When I describe Lunar Logic in public presentations, I often use a description along the lines of “probably the most unusual organization you’ve heard of”. We tend to do many things differently. When we do so we sometimes get pretty extreme. One concept that we brought to such extent is self-organization.

Illustration showing different kind of decisions being made in an organization

We know self-organizing teams from the context of Agile methods. The basic premise is that teams decide how to organize and manage work that they are doing. The concept served us well, both locally at Lunar Logic and generally in the industry. Its impact is limited, though, because of the underlying constraint—the application on a team level only.

Radical Autonomy

Given how well self-organization was working for us, we evolved the model to what we call Radical Self-Organization or Radical Autonomy. The basic idea is simple. We scale the approach up and give everyone equal power in terms of how the whole company is managed. Imagine that, as a developer, you have as much say in how you write code and what is on the payroll. You get the idea.

Everyone at Lunar Logic, interns included, can make any decision. Yes, that may mean spending a significant amount of company money, giving someone (including themselves) a raise, etc. The basic pattern is that anyone can make any decision.

It means that we don’t have managers. The common understanding of management is that it’s a role with some designated power where decisions are made. Since we distributed decision-making entirely we don’t need managers. If not the fact that it’s a legal requirement to have a CEO we would unlikely have one.

Decision Making: The Common Way

As you’re reading these lines you may put yourself in shoes of our potential customer and ask the question: why should I care? Ultimately all that stuff is aimed internally at the company. What’s the gain, if any, for a client?

The gain isn’t obvious yet hard to overrate once you grasp the idea. Let’s first look at how decisions are made in a typical organization. When an employee needs a decision to be made they go to a manager, have a brief conversation, then the manager makes the call. The employee doesn’t need an understanding of the whole context.

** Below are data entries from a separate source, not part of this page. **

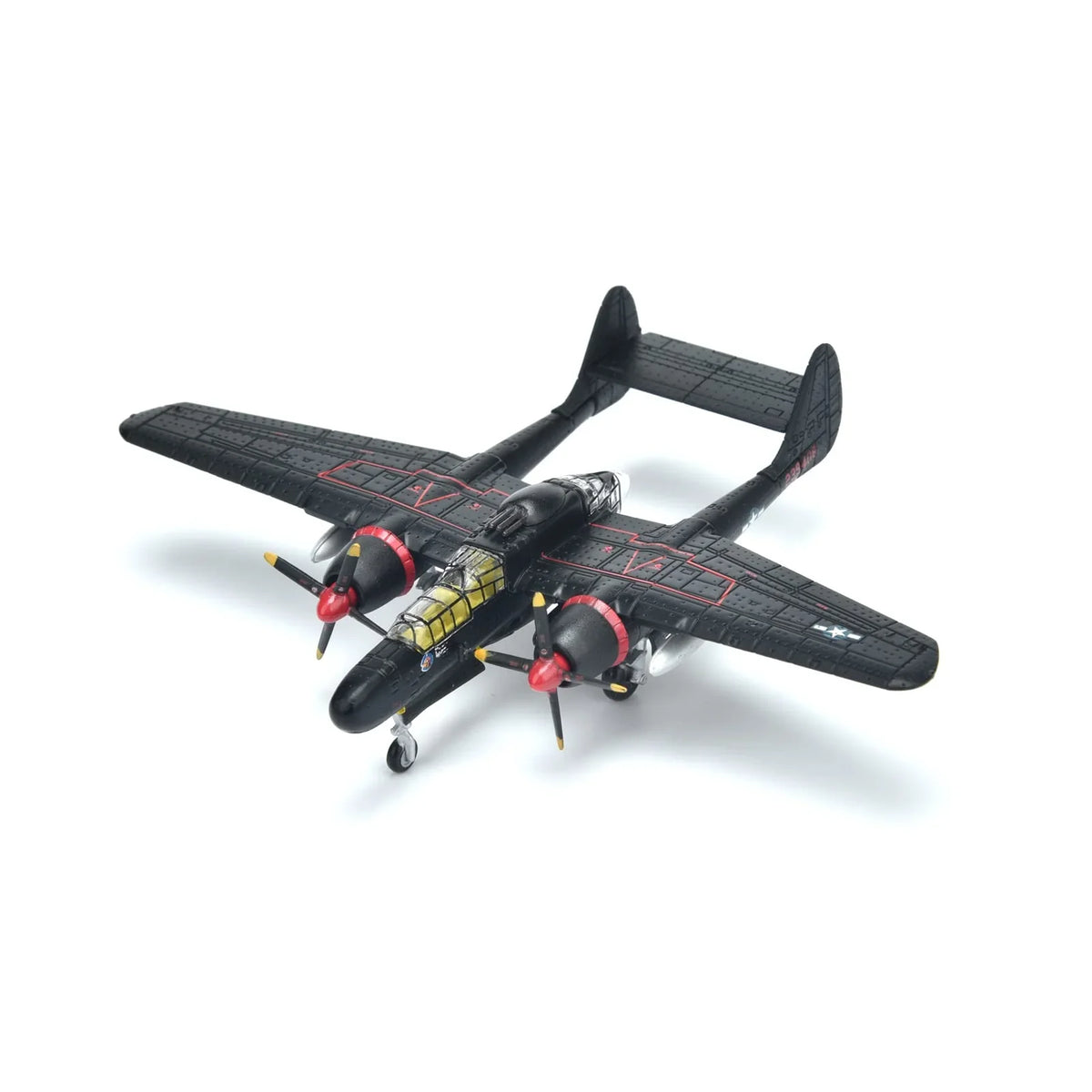 NUOTIE Model 1/144 scale Northrop P-61B Black Widow black aircraft top view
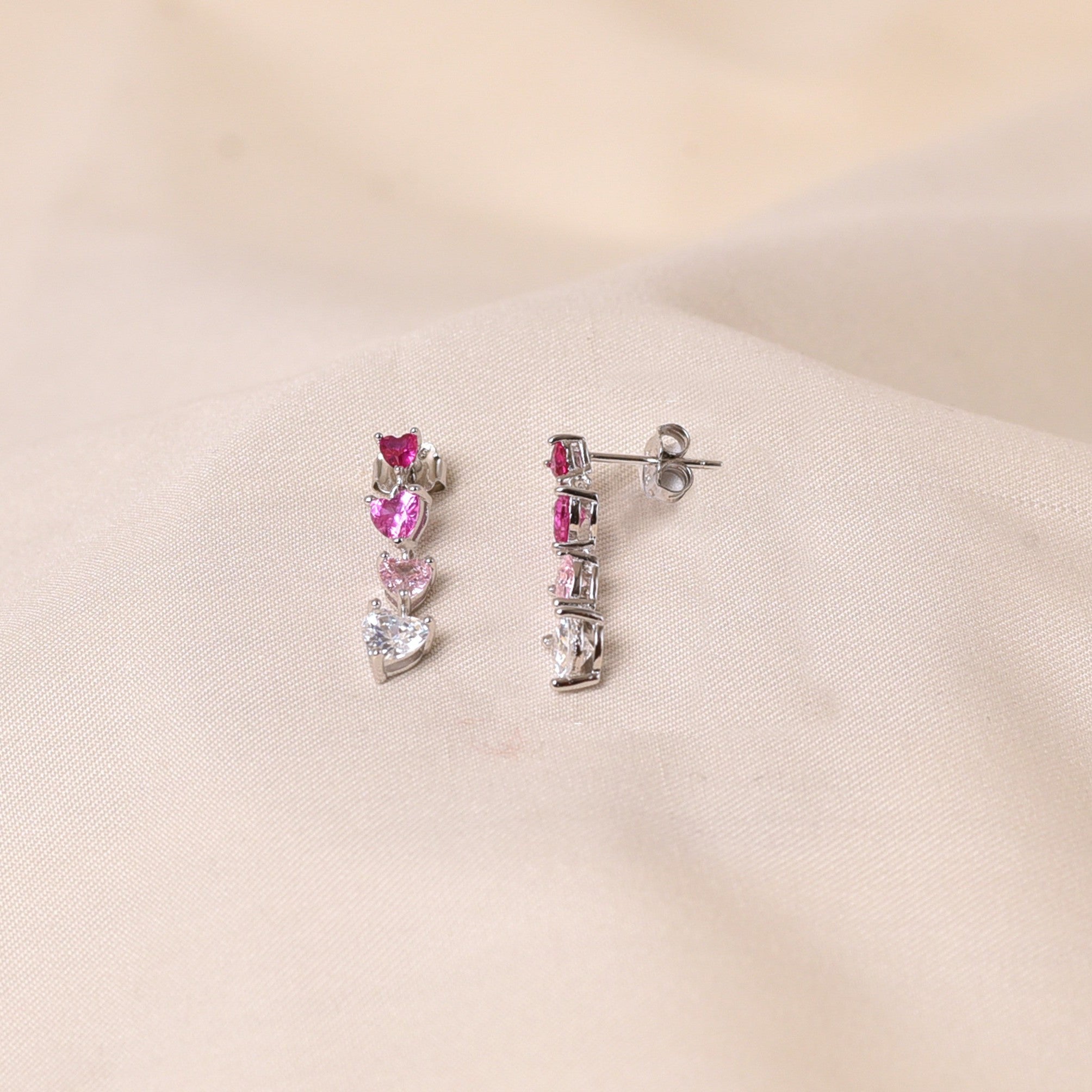 Rainbow Heart Earring - Pink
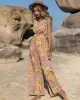 Bohemia Loose Sleeveless Floral Printed V-Neck Jumpsuit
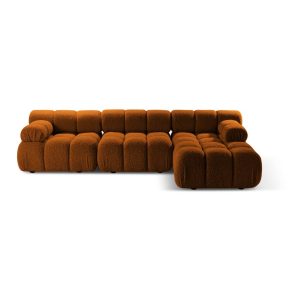 Narancssárga buklé moduláris sarokkanapé (jobb oldali) Bellis – Micadoni Home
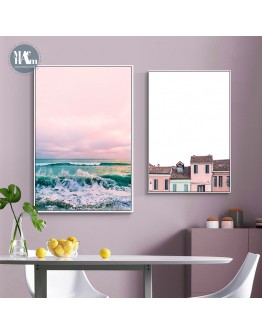 Nordic Pink Sea sunset wall art Canvas posters Painting Prints Figures Landscape Picture for Living Room Morden art Home Decor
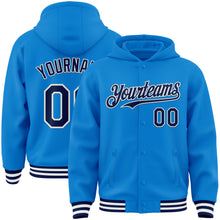 Загрузить изображение в средство просмотра галереи, Custom Powder Blue Navy-White Bomber Full-Snap Varsity Letterman Hoodie Jacket
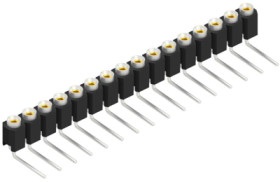 Socket header, 16 pole, pitch 2.54 mm, angled, 10040235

Of course, some understanding of the context, but only a partial one, would be useful when the employee has a desired decision outcome. For example, I’d love to get a raise and thus I want to hear “yes” from my manager so I will argue why it is a good idea. I am, in fact, discouraged to see the whole picture, e.g. budgetary constraints. It would only make it more difficult for me to rationalize the desired decision.

Making Decisions Without Managers

How does it work in our context? Since we don’t have managers everyone is allowed and encouraged to make decisions autonomously. However, we want decision makers to take into account the whole context. That’s what advisory process is designed for. Before making a decision everyone should ask two groups of people about their take: those who have expertise on the subject and those who will be affected by the decision. That’s how we provide the big picture.

Then there’s another ingredient, which is accountability. Anyone is free to make any decision but we are kept accountable for the outcome of our calls. This discourages to make decisions that can hardly be justified.

Things start getting interesting here. The justification pattern we employ very often is “what’s economically sensible”. This means we need to look at the cost of the decision and the value we expect to gain through making it. The cost part is typically rather straightforward. The trickier side of the equation is the value. Try to assess the value of a conference trip or a salary raise in monetary terms. It’s not that easy. Nonetheless, that’s what we expect of ourselves.

Answering the questions: “what’s the cost of that” and “what’s the value of that” is thus our bread and butter. It’s the basic skill everyone at Lunar gains quickly after joining the company. Such training proves to be invaluable in other contexts too.

What’s In It For Me?

Think of a situation when one of your developers decides how to build a feature that you proposed. Instead of just taking what’s specified in the description they critically look at available options and briefly consider the cost and value of each before proposing an alternative or going with the initial plan. Think of a product owner discouraging you to build a big part of an application and proposing an alternative way of validating the business hypothesis instead. Think of a team that balances their desire for craftsmanship with a deep understanding of budgetary constraints and how each one may affect the other.

There are many such decisions made by any product development team every day. The cumulative impact of these decisions is much bigger than the impact of simple coding proficiency. In fact, the latter matters little if you’re building the wrong thing. And the whole point of exploiting Radical Autonomy in product development is it significantly improves the odds of building the right thing eventually.

When we were starting our journey toward Radical Self-Organization we didn’t much think on how it would impact our customers. However, it turns out to be a unique ingredient of our offer. One that is especially important when we work at early stage products.

Considering the economic equation—cost and gain of each possible path—in everyday product-related discussions is something that we could expect of some experienced engineers. What Radical Self-Organization does is it makes the skill granted for everyone working at Lunar Logic, no matter their experience. After all, that’s how we all thrive at the company.